"Grüne Ufer" feiert magische Bühnenpremiere in Jekaterinburgs Tvary-Theater
Jacob Fiebig"Grüne Ufer" feiert magische Bühnenpremiere in Jekaterinburgs Tvary-Theater
„Grüne Ufer“: Gennadi Alexejews gefeierter Fantasy-Roman als Bühnenpremiere in Jekaterinburg
Eine neue Theateradaption von Grüne Ufer, dem preisgekrönten Fantasy-Roman von Gennadi Alexejew, hat in Jekaterinburg Premiere gefeiert. Die Inszenierung, die unter der Regie und Bearbeitung von Lilia Bornaschewa entstand, bringt eine Geschichte von Liebe und parallelen Welten auf die Bühne. Die Uraufführung fand im privaten Tvary-Theater der Stadt statt und sorgte mit mutigem Erzählstil und herausragenden schauspielerischen Leistungen für Aufmerksamkeit.

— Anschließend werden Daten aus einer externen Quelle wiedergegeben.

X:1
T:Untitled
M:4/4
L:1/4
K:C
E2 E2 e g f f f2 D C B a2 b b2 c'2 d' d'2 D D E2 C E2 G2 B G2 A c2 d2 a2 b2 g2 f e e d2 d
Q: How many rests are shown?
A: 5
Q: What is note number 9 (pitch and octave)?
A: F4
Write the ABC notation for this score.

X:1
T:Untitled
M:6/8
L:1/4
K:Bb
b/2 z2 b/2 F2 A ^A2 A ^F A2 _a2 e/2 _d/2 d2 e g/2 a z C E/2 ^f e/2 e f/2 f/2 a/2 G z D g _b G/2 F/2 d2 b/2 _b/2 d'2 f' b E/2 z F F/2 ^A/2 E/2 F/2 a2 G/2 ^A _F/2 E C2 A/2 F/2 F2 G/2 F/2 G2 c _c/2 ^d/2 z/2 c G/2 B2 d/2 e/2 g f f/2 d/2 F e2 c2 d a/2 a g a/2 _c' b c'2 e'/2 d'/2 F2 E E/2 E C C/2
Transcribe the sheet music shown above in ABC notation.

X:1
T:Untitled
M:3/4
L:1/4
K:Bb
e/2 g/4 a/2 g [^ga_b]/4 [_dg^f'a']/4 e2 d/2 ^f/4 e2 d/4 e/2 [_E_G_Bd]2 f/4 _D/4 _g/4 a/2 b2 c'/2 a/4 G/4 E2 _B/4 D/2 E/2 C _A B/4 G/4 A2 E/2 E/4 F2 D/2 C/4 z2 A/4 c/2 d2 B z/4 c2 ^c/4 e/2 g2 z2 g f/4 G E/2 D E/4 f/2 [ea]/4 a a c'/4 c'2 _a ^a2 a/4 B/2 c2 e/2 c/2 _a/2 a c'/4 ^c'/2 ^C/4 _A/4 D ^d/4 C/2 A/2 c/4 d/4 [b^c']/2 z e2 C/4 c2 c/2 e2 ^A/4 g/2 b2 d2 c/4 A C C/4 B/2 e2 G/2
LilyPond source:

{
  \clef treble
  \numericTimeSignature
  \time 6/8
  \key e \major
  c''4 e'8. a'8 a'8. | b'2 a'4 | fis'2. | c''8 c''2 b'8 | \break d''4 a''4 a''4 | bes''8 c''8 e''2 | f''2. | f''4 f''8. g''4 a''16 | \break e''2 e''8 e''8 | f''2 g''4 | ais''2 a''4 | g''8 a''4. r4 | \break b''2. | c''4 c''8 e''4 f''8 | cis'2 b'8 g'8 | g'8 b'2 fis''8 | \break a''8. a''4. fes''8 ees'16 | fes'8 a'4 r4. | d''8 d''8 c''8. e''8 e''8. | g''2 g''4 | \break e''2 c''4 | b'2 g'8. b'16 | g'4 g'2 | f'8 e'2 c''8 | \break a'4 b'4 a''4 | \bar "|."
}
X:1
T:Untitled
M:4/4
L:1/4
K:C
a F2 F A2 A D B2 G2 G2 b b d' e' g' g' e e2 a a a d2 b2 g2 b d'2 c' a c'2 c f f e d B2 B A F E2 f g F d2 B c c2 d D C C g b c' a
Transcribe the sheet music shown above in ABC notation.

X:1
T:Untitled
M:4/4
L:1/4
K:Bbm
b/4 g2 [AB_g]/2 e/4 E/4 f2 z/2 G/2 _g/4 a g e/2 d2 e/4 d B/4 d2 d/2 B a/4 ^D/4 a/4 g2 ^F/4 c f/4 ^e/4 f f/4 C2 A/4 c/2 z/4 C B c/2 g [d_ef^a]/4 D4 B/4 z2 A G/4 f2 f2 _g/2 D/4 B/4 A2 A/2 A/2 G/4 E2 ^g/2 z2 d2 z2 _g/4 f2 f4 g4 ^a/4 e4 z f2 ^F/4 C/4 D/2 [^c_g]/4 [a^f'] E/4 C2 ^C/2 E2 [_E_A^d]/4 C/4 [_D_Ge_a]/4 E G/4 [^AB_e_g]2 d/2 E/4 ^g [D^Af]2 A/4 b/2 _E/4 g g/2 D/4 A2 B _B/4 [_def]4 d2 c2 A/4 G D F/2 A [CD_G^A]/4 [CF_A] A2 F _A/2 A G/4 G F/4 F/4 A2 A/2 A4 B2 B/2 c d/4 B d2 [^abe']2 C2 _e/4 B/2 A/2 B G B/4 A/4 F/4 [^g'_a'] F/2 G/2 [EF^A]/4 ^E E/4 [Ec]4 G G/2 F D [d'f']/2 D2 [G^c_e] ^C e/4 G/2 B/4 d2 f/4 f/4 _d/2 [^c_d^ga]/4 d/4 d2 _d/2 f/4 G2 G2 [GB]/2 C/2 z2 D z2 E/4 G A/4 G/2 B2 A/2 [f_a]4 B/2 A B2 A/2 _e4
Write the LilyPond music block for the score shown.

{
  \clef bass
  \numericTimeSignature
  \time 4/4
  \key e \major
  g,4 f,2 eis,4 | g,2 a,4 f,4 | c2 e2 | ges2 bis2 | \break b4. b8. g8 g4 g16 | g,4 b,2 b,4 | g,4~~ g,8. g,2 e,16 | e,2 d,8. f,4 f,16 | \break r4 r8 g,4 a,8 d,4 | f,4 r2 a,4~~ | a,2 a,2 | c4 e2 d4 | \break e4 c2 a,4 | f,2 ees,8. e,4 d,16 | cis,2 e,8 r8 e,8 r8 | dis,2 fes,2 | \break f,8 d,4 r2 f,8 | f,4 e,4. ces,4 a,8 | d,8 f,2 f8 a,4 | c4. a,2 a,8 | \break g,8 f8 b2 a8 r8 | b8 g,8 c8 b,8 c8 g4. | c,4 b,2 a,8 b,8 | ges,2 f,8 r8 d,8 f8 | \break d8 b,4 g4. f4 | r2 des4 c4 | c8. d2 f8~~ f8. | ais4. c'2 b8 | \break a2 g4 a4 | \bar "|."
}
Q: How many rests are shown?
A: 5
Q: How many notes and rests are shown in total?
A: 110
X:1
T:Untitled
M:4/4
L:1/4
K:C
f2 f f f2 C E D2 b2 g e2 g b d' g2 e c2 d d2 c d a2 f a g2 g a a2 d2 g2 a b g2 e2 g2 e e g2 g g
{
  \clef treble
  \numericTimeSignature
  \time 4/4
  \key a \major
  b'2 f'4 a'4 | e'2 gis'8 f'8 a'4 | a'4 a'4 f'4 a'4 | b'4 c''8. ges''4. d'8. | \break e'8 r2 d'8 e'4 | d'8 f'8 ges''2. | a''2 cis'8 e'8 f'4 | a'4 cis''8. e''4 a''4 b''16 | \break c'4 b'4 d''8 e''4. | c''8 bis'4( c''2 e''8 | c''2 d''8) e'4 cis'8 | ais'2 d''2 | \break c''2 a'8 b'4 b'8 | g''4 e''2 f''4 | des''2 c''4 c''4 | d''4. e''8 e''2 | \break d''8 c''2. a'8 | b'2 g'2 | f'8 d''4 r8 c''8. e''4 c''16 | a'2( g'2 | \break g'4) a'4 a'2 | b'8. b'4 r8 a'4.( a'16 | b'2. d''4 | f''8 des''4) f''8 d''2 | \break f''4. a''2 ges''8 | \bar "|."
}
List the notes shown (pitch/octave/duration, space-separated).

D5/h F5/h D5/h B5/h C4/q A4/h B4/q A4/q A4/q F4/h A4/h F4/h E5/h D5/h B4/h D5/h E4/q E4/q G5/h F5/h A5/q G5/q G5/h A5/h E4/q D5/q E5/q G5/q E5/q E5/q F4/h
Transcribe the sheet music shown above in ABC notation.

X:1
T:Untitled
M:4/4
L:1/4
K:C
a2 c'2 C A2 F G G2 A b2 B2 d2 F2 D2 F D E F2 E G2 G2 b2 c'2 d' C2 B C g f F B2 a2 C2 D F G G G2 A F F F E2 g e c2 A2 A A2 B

Gennadi Alexejew schrieb Grüne Ufer ursprünglich inspiriert von der Lebensgeschichte der vorrevolutionären Romanzen-Sängerin Anastassija Wjalzewa. Der Roman, heute ein Meilenstein der Fantasy-Literatur, verflicht die Schicksale eines sowjetischen Dichters der 1980er-Jahre mit dem von Wjalzewa selbst. Ihre Wege kreuzen sich über die Zeit hinweg und gipfeln in einem tragisch-poetischen Finale, in dem die Liebenden erst im Tod wieder vereint sind.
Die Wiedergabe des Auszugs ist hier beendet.